* _Directions for this task_:
All of the data that follows should be written out exactly.

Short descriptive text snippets
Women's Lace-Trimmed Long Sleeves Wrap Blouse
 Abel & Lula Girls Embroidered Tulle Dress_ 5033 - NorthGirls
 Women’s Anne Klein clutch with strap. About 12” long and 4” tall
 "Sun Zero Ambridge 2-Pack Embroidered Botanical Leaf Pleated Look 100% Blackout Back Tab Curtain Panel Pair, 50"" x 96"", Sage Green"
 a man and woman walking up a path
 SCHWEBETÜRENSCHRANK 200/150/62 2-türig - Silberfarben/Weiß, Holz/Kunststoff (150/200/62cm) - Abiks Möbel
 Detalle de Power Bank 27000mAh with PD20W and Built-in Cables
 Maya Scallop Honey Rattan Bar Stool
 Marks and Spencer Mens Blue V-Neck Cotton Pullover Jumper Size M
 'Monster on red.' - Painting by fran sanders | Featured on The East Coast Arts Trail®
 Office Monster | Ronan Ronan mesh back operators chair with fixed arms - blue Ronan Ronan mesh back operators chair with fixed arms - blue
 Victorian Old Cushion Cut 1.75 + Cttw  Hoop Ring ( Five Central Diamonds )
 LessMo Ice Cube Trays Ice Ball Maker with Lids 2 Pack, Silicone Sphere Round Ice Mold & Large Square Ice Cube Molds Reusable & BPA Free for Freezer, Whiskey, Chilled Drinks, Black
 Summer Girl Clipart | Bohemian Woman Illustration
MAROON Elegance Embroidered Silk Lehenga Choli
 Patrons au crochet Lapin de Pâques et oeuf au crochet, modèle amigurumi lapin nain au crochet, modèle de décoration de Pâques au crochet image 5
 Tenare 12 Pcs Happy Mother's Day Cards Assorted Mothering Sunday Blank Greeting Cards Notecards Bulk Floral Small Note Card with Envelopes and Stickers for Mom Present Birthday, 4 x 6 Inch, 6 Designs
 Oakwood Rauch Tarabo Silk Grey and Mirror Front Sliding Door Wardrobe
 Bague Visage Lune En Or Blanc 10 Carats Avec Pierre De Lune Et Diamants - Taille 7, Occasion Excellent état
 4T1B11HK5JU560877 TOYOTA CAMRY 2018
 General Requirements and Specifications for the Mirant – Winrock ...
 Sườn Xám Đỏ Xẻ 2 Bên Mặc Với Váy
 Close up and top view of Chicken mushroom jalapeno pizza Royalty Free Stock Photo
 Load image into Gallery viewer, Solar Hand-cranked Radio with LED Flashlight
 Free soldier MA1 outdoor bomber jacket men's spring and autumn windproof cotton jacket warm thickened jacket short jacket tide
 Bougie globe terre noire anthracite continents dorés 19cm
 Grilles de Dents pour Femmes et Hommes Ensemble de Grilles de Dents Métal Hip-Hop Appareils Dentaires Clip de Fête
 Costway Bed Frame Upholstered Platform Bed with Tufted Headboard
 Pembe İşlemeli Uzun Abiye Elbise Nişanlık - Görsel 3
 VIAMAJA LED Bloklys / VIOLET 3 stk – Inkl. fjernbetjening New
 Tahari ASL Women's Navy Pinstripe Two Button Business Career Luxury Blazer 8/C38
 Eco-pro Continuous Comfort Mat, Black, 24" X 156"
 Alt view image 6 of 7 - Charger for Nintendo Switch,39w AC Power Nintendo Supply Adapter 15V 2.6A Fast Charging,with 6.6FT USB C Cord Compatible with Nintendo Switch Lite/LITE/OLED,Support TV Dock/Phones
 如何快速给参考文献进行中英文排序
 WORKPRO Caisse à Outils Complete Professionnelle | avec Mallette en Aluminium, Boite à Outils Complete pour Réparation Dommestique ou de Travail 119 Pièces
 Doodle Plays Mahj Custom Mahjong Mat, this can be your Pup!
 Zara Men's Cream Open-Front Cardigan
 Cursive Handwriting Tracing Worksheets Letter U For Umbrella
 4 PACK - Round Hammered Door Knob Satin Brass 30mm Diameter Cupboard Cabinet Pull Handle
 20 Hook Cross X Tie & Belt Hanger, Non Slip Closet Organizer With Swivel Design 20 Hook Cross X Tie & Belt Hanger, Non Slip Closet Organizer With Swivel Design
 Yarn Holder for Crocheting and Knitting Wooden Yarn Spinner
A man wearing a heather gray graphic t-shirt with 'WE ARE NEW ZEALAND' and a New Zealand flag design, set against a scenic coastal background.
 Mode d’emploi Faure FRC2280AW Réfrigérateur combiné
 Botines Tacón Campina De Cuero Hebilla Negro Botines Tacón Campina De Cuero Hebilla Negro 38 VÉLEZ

* _Response to this exercise_:
Women's Lace-Trimmed Long Sleeves Wrap Blouse
 Abel & Lula Girls Embroidered Tulle Dress_ 5033 - NorthGirls
 Women’s Anne Klein clutch with strap. About 12” long and 4” tall
 "Sun Zero Ambridge 2-Pack Embroidered Botanical Leaf Pleated Look 100% Blackout Back Tab Curtain Panel Pair, 50"" x 96"", Sage Green"
 a man and woman walking up a path
 SCHWEBETÜRENSCHRANK 200/150/62 2-türig - Silberfarben/Weiß, Holz/Kunststoff (150/200/62cm) - Abiks Möbel
 Detalle de Power Bank 27000mAh with PD20W and Built-in Cables
 Maya Scallop Honey Rattan Bar Stool
 Marks and Spencer Mens Blue V-Neck Cotton Pullover Jumper Size M
 'Monster on red.' - Painting by fran sanders | Featured on The East Coast Arts Trail®
 Office Monster | Ronan Ronan mesh back operators chair with fixed arms - blue Ronan Ronan mesh back operators chair with fixed arms - blue
 Victorian Old Cushion Cut 1.75 + Cttw  Hoop Ring ( Five Central Diamonds )
 LessMo Ice Cube Trays Ice Ball Maker with Lids 2 Pack, Silicone Sphere Round Ice Mold & Large Square Ice Cube Molds Reusable & BPA Free for Freezer, Whiskey, Chilled Drinks, Black
 Summer Girl Clipart | Bohemian Woman Illustration
MAROON Elegance Embroidered Silk Lehenga Choli
 Patrons au crochet Lapin de Pâques et oeuf au crochet, modèle amigurumi lapin nain au crochet, modèle de décoration de Pâques au crochet image 5
 Tenare 12 Pcs Happy Mother's Day Cards Assorted Mothering Sunday Blank Greeting Cards Notecards Bulk Floral Small Note Card with Envelopes and Stickers for Mom Present Birthday, 4 x 6 Inch, 6 Designs
 Oakwood Rauch Tarabo Silk Grey and Mirror Front Sliding Door Wardrobe
 Bague Visage Lune En Or Blanc 10 Carats Avec Pierre De Lune Et Diamants - Taille 7, Occasion Excellent état
 4T1B11HK5JU560877 TOYOTA CAMRY 2018
 General Requirements and Specifications for the Mirant – Winrock ...
 Sườn Xám Đỏ Xẻ 2 Bên Mặc Với Váy
 Close up and top view of Chicken mushroom jalapeno pizza Royalty Free Stock Photo
 Load image into Gallery viewer, Solar Hand-cranked Radio with LED Flashlight
 Free soldier MA1 outdoor bomber jacket men's spring and autumn windproof cotton jacket warm thickened jacket short jacket tide
 Bougie globe terre noire anthracite continents dorés 19cm
 Grilles de Dents pour Femmes et Hommes Ensemble de Grilles de Dents Métal Hip-Hop Appareils Dentaires Clip de Fête
 Costway Bed Frame Upholstered Platform Bed with Tufted Headboard
 Pembe İşlemeli Uzun Abiye Elbise Nişanlık - Görsel 3
 VIAMAJA LED Bloklys / VIOLET 3 stk – Inkl. fjernbetjening New
 Tahari ASL Women's Navy Pinstripe Two Button Business Career Luxury Blazer 8/C38
 Eco-pro Continuous Comfort Mat, Black, 24" X 156"
 Alt view image 6 of 7 - Charger for Nintendo Switch,39w AC Power Nintendo Supply Adapter 15V 2.6A Fast Charging,with 6.6FT USB C Cord Compatible with Nintendo Switch Lite/LITE/OLED,Support TV Dock/Phones
 如何快速给参考文献进行中英文排序
 WORKPRO Caisse à Outils Complete Professionnelle | avec Mallette en Aluminium, Boite à Outils Complete pour Réparation Dommestique ou de Travail 119 Pièces
 Doodle Plays Mahj Custom Mahjong Mat, this can be your Pup!
 Zara Men's Cream Open-Front Cardigan
 Cursive Handwriting Tracing Worksheets Letter U For Umbrella
 4 PACK - Round Hammered Door Knob Satin Brass 30mm Diameter Cupboard Cabinet Pull Handle
 20 Hook Cross X Tie & Belt Hanger, Non Slip Closet Organizer With Swivel Design 20 Hook Cross X Tie & Belt Hanger, Non Slip Closet Organizer With Swivel Design
 Yarn Holder for Crocheting and Knitting Wooden Yarn Spinner
A man wearing a heather gray graphic t-shirt with 'WE ARE NEW ZEALAND' and a New Zealand flag design, set against a scenic coastal background.
 Mode d’emploi Faure FRC2280AW Réfrigérateur combiné
 Botines Tacón Campina De Cuero Hebilla Negro Botines Tacón Campina De Cuero Hebilla Negro 38 VÉLEZ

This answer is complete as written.